Dopo l’assassinio di Giulia Cecchettin il ministro Valditara ha messo in campo una serie di interventi nelle scuole per prevenire il femminicidio e tra questi la “educazione alle relazioni”. Matteo Renzi in Senato durante la discussione sul ddl contro la violenza sulle donne ha affermato che “la questione da affrontare è la questione educativa e questo ci riguarda tutti”.



Nulla da eccepire sui propositi di Valditara, però occorre allargare lo sguardo, capire che cosa stia succedendo e intervenire di conseguenza. Si sta parlando senza sosta di società patriarcale e di femminicidio, e si è deciso di cambiare la situazione per evitare queste derive pericolose. In tal modo, però, il rischio è quello di prendere di mira supposte conseguenze senza mettere veramente a fuoco l’origine della violenza, e attuando misure destinate a mostrare tutta la loro debolezza.



Sotto la pelle di questi fenomeni variamente etichettati c’è l’emergenza di una cultura che si è diffusa lentamente e in silenzio e che ora è dominante: una sensibilità nichilista per la quale come nulla ha senso, allo stesso modo  anche l’altro, diverso da me, non ha alcun significato. Se l’altro non è più un mistero, una ricchezza unica, un essere libero pieno di dignità, si può fare di lui ciò che si vuole.
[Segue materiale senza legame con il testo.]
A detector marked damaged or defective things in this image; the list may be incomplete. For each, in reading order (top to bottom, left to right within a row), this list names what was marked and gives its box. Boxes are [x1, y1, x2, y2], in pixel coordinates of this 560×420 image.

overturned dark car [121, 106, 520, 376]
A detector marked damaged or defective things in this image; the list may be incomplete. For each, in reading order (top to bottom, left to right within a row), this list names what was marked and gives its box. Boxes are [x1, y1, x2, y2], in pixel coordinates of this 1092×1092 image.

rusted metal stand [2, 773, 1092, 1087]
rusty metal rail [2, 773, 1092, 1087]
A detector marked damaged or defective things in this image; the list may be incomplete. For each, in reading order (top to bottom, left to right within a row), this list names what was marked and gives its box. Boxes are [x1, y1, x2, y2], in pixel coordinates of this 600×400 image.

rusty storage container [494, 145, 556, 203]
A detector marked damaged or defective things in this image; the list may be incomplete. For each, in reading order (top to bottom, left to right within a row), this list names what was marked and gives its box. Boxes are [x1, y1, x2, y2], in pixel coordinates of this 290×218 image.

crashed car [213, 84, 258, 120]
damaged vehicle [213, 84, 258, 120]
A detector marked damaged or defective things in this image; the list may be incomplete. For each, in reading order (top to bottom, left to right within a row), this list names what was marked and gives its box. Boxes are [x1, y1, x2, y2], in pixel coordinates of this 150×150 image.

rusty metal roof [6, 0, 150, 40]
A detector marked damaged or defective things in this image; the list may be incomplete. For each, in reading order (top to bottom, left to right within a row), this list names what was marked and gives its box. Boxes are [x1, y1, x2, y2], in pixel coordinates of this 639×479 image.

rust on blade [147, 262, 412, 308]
E la prova sta nel fatto che l’altra persona va bene se si conforma a quello che voglio io. Questo riguarda tutti, fuori da ogni etichetta o slogan. La società patriarcale non c’entra nulla, perché non esiste più; anzi si dovrebbe dire che il padre è scomparso e la sua mancanza ha generato una enorme fragilità. La nostra è una società in cui l’altro è strumento o nemico, non una persona ma un oggetto senza valore da tenere in mano: se è utile lo si conserva, altrimenti lo si butta, lo si rimuove anche fisicamente.
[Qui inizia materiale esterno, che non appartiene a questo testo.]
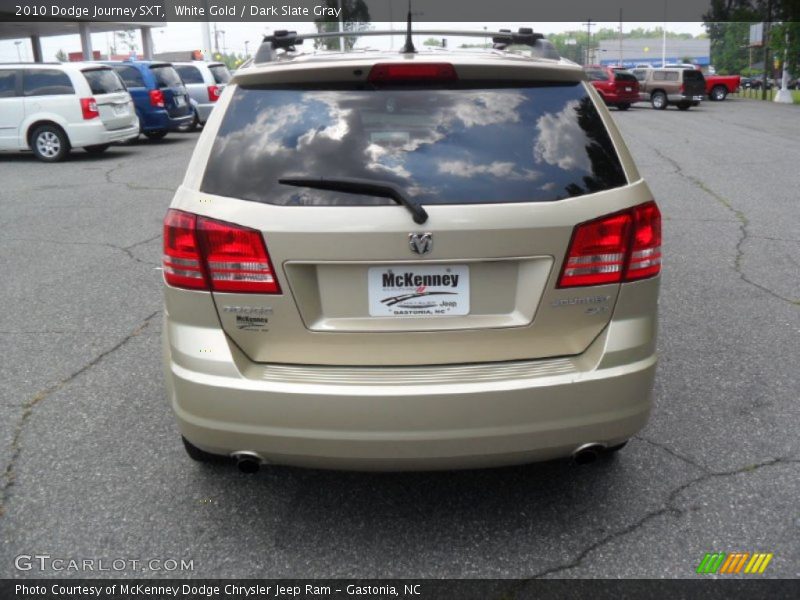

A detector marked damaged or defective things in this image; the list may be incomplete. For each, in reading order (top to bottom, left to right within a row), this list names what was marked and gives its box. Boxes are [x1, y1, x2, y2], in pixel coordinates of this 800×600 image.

crack in asphalt [648, 144, 800, 304]
crack in asphalt [0, 310, 161, 516]
crack in asphalt [506, 454, 800, 580]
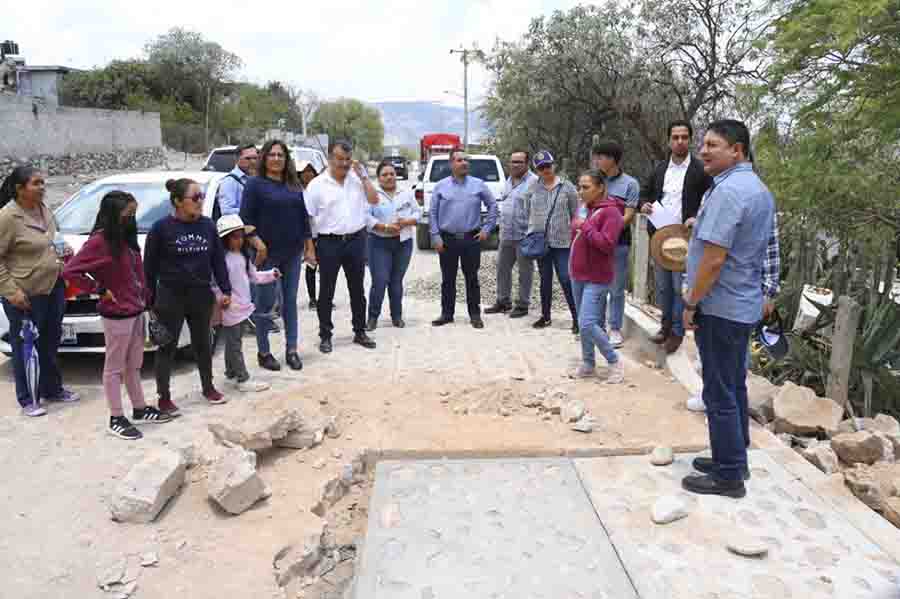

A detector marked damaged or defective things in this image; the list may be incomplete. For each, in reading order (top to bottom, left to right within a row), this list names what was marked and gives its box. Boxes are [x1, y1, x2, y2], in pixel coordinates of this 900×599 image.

broken concrete [209, 406, 308, 452]
broken concrete [772, 382, 844, 438]
broken concrete [832, 434, 888, 466]
broken concrete [110, 448, 185, 524]
broken concrete [207, 446, 270, 516]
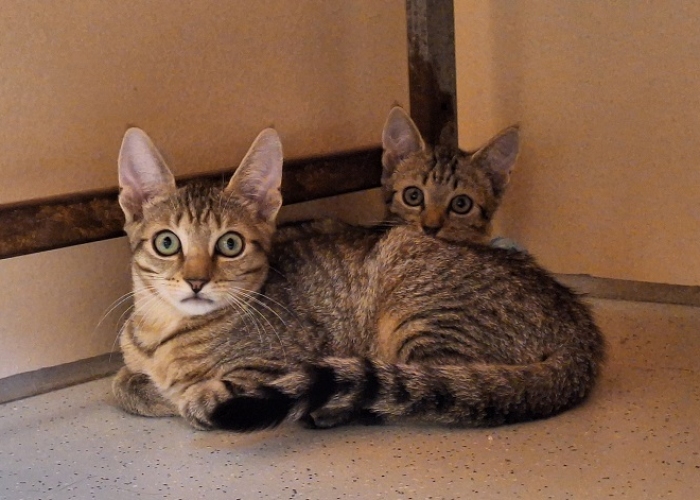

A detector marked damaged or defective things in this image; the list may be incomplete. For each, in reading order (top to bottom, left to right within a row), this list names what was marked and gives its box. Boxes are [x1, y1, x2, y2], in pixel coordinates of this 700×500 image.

rusty metal strip [404, 0, 460, 148]
rusty metal strip [1, 147, 382, 260]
Occorre ripartire dalla presa di coscienza che l’altro è un valore, un mistero di libertà, una ricchezza che ci viene donata, non da possedere ma da contemplare e da cui lasciarsi fare. Qui sta la questione dell’origine che riguarda tutti. Di conseguenza tutti, proprio tutti, dovrebbero sentirsi coinvolti in questa ripresa educativa: le famiglie, in cui spesso i figli devono essere come padre e madre se li immaginano, le scuole, in cui gli studenti sono una somma di voti, le realtà associative, dove vale chi fa una performance.

E in che modo si dovrebbe agire? Oggi si pensa che il problema si possa risolvere con un corso o con lo psicologo. Essendo invece una questione di cultura, ci vuole molto di più: serve un cammino educativo che vada al cuore della questione e riporti tutti a riscoprire il valore intoccabile dell’essere umano.

L’assassinio efferato di Giulia ci chiede certamente che si contrastino i femminicidi, però prima chiede che torni una cultura vera dell’io.

Per questo ci vuole un movimento che sappia guardare all’altro in modo positivo, che sappia vedere la bellezza di ogni persona: solo così si sconfigge la violenza diffusa che che ha pervaso in mille modi il nostro quotidiano, riportando dentro la vita uno sguardo aperto all’altro, accogliente e di simpatia.

Si facciano pure gli interventi di Valditara, ma senza assecondare frettolosamente pulsioni tecniciste, perché la questione che siamo chiamati ad affrontare, essendo eminentemente educativa, è quella di un cambio culturale. Tutti siamo chiamati ad attuarlo, cioè tutti siamo sfidati ad accettare che è l’altro a cambiarci, non siamo noi a cambiare necessariamente l’altro. È una rivoluzione culturale.

Don Luigi Giussani negli anni 50 ai suoi giovani propose un gesto, quello della caritativa, vivendo il quale potevano imparare uno sguardo d’amore all’altro: andavano nelle cascine per stare con i bambini che non avevano compagnia, e dare gratuitamente questo tempo innanzitutto cambiava lo sguardo, che diventava uno sguardo ricco d’amore e perciò più umano.

Solo questo cambia: fare qualcosa di buono ad un altro, e in ciò sperimentare qualcosa per sé. È l’inizio di un cambiamento di sé stessi.